- **What the task requires**
Key in the whole listing below again, keeping every word as it is.

- **Data provided**
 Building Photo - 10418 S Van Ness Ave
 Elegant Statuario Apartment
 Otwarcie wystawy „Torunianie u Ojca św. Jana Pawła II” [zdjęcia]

- **Response**
 Building Photo - 10418 S Van Ness Ave
 Elegant Statuario Apartment
 Otwarcie wystawy „Torunianie u Ojca św. Jana Pawła II” [zdjęcia]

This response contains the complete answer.